Short descriptive text snippets:
-----
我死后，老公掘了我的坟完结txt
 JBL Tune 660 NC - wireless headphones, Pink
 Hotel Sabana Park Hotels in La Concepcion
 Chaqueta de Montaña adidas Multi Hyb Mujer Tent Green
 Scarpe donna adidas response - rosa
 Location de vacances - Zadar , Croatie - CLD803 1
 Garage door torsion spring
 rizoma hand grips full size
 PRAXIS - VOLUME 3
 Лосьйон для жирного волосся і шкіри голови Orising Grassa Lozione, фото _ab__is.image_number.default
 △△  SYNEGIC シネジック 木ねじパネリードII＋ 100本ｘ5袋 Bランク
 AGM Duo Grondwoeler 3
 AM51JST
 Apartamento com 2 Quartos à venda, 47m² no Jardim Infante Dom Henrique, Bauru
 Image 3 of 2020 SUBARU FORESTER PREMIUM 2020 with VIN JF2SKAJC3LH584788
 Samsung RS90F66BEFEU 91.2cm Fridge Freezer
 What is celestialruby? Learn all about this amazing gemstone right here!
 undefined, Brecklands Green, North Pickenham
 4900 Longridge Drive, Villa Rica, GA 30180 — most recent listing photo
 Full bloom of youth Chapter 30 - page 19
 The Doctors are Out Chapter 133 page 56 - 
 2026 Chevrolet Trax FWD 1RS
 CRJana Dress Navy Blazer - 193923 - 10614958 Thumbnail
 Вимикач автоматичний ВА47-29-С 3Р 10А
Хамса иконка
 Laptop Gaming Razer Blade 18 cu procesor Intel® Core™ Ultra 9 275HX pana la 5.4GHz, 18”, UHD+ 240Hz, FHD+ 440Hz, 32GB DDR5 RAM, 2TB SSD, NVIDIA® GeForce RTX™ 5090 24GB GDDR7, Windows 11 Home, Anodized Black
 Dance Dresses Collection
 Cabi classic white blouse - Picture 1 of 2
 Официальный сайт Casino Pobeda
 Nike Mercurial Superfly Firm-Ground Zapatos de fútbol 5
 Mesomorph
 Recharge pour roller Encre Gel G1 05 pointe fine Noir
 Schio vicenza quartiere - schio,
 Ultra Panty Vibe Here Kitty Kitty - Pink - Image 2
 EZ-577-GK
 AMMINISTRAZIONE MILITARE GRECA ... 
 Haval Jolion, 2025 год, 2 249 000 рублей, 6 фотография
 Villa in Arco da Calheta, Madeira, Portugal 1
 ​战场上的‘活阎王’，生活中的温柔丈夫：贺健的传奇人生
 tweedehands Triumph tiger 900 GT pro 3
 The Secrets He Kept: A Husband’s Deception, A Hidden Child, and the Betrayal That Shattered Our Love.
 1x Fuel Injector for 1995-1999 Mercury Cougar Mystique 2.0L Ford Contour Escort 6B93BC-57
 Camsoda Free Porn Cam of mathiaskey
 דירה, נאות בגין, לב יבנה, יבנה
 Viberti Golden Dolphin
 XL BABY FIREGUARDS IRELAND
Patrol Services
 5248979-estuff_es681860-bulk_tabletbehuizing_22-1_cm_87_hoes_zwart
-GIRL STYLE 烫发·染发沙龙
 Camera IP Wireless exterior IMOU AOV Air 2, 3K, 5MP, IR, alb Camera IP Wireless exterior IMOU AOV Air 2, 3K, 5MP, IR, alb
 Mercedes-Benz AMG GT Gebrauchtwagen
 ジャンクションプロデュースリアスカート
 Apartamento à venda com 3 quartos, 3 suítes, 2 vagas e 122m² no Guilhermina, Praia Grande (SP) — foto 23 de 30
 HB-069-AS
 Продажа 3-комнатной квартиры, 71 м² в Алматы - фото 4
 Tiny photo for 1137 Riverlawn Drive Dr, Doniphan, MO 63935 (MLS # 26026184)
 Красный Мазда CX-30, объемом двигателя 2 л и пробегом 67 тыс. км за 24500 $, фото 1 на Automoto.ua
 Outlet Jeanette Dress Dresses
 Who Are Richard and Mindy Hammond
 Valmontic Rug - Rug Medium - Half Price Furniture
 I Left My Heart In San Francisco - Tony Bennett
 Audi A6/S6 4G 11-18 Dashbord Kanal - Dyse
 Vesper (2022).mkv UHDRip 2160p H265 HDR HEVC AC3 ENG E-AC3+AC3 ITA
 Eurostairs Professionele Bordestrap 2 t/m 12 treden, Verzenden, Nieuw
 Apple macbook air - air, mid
-----
• ACTIVITY: Each of the entries must be set down exactly, none omitted.

• EXERCISE RESPONSE:
我死后，老公掘了我的坟完结txt
 JBL Tune 660 NC - wireless headphones, Pink
 Hotel Sabana Park Hotels in La Concepcion
 Chaqueta de Montaña adidas Multi Hyb Mujer Tent Green
 Scarpe donna adidas response - rosa
 Location de vacances - Zadar , Croatie - CLD803 1
 Garage door torsion spring
 rizoma hand grips full size
 PRAXIS - VOLUME 3
 Лосьйон для жирного волосся і шкіри голови Orising Grassa Lozione, фото _ab__is.image_number.default
 △△  SYNEGIC シネジック 木ねじパネリードII＋ 100本ｘ5袋 Bランク
 AGM Duo Grondwoeler 3
 AM51JST
 Apartamento com 2 Quartos à venda, 47m² no Jardim Infante Dom Henrique, Bauru
 Image 3 of 2020 SUBARU FORESTER PREMIUM 2020 with VIN JF2SKAJC3LH584788
 Samsung RS90F66BEFEU 91.2cm Fridge Freezer
 What is celestialruby? Learn all about this amazing gemstone right here!
 undefined, Brecklands Green, North Pickenham
 4900 Longridge Drive, Villa Rica, GA 30180 — most recent listing photo
 Full bloom of youth Chapter 30 - page 19
 The Doctors are Out Chapter 133 page 56 - 
 2026 Chevrolet Trax FWD 1RS
 CRJana Dress Navy Blazer - 193923 - 10614958 Thumbnail
 Вимикач автоматичний ВА47-29-С 3Р 10А
Хамса иконка
 Laptop Gaming Razer Blade 18 cu procesor Intel® Core™ Ultra 9 275HX pana la 5.4GHz, 18”, UHD+ 240Hz, FHD+ 440Hz, 32GB DDR5 RAM, 2TB SSD, NVIDIA® GeForce RTX™ 5090 24GB GDDR7, Windows 11 Home, Anodized Black
 Dance Dresses Collection
 Cabi classic white blouse - Picture 1 of 2
 Официальный сайт Casino Pobeda
 Nike Mercurial Superfly Firm-Ground Zapatos de fútbol 5
 Mesomorph
 Recharge pour roller Encre Gel G1 05 pointe fine Noir
 Schio vicenza quartiere - schio,
 Ultra Panty Vibe Here Kitty Kitty - Pink - Image 2
 EZ-577-GK
 AMMINISTRAZIONE MILITARE GRECA ... 
 Haval Jolion, 2025 год, 2 249 000 рублей, 6 фотография
 Villa in Arco da Calheta, Madeira, Portugal 1
 ​战场上的‘活阎王’，生活中的温柔丈夫：贺健的传奇人生
 tweedehands Triumph tiger 900 GT pro 3
 The Secrets He Kept: A Husband’s Deception, A Hidden Child, and the Betrayal That Shattered Our Love.
 1x Fuel Injector for 1995-1999 Mercury Cougar Mystique 2.0L Ford Contour Escort 6B93BC-57
 Camsoda Free Porn Cam of mathiaskey
 דירה, נאות בגין, לב יבנה, יבנה
 Viberti Golden Dolphin
 XL BABY FIREGUARDS IRELAND
Patrol Services
 5248979-estuff_es681860-bulk_tabletbehuizing_22-1_cm_87_hoes_zwart
-GIRL STYLE 烫发·染发沙龙
 Camera IP Wireless exterior IMOU AOV Air 2, 3K, 5MP, IR, alb Camera IP Wireless exterior IMOU AOV Air 2, 3K, 5MP, IR, alb
 Mercedes-Benz AMG GT Gebrauchtwagen
 ジャンクションプロデュースリアスカート
 Apartamento à venda com 3 quartos, 3 suítes, 2 vagas e 122m² no Guilhermina, Praia Grande (SP) — foto 23 de 30
 HB-069-AS
 Продажа 3-комнатной квартиры, 71 м² в Алматы - фото 4
 Tiny photo for 1137 Riverlawn Drive Dr, Doniphan, MO 63935 (MLS # 26026184)
 Красный Мазда CX-30, объемом двигателя 2 л и пробегом 67 тыс. км за 24500 $, фото 1 на Automoto.ua
 Outlet Jeanette Dress Dresses
 Who Are Richard and Mindy Hammond
 Valmontic Rug - Rug Medium - Half Price Furniture
 I Left My Heart In San Francisco - Tony Bennett
 Audi A6/S6 4G 11-18 Dashbord Kanal - Dyse
 Vesper (2022).mkv UHDRip 2160p H265 HDR HEVC AC3 ENG E-AC3+AC3 ITA
 Eurostairs Professionele Bordestrap 2 t/m 12 treden, Verzenden, Nieuw
 Apple macbook air - air, mid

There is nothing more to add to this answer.